Source material section start

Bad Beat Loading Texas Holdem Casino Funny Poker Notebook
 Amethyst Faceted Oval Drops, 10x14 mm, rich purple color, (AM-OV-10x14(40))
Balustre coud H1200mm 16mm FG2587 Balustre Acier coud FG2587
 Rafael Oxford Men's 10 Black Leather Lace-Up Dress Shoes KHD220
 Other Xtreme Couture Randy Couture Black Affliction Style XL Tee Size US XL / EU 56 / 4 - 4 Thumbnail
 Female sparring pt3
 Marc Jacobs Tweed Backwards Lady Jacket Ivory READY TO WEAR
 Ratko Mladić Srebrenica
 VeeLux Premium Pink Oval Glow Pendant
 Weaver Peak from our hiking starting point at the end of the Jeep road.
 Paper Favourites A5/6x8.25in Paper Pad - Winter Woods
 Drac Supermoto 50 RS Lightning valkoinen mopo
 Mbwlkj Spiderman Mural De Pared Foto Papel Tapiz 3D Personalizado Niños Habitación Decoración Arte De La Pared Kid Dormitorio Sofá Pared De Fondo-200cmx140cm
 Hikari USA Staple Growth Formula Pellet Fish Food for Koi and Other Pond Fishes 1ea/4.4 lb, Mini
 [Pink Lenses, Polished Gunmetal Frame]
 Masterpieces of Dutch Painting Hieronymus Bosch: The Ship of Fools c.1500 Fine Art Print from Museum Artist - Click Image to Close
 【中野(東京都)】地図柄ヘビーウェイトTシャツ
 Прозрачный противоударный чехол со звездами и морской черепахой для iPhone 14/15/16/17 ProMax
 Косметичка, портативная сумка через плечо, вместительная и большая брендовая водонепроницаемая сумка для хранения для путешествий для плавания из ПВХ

Source material section end

# Task to complete:
The lines above are to be retyped exactly, with none omitted.

# Output for this exercise:
Bad Beat Loading Texas Holdem Casino Funny Poker Notebook
 Amethyst Faceted Oval Drops, 10x14 mm, rich purple color, (AM-OV-10x14(40))
Balustre coud H1200mm 16mm FG2587 Balustre Acier coud FG2587
 Rafael Oxford Men's 10 Black Leather Lace-Up Dress Shoes KHD220
 Other Xtreme Couture Randy Couture Black Affliction Style XL Tee Size US XL / EU 56 / 4 - 4 Thumbnail
 Female sparring pt3
 Marc Jacobs Tweed Backwards Lady Jacket Ivory READY TO WEAR
 Ratko Mladić Srebrenica
 VeeLux Premium Pink Oval Glow Pendant
 Weaver Peak from our hiking starting point at the end of the Jeep road.
 Paper Favourites A5/6x8.25in Paper Pad - Winter Woods
 Drac Supermoto 50 RS Lightning valkoinen mopo
 Mbwlkj Spiderman Mural De Pared Foto Papel Tapiz 3D Personalizado Niños Habitación Decoración Arte De La Pared Kid Dormitorio Sofá Pared De Fondo-200cmx140cm
 Hikari USA Staple Growth Formula Pellet Fish Food for Koi and Other Pond Fishes 1ea/4.4 lb, Mini
 [Pink Lenses, Polished Gunmetal Frame]
 Masterpieces of Dutch Painting Hieronymus Bosch: The Ship of Fools c.1500 Fine Art Print from Museum Artist - Click Image to Close
 【中野(東京都)】地図柄ヘビーウェイトTシャツ
 Прозрачный противоударный чехол со звездами и морской черепахой для iPhone 14/15/16/17 ProMax
 Косметичка, портативная сумка через плечо, вместительная и большая брендовая водонепроницаемая сумка для хранения для путешествий для плавания из ПВХ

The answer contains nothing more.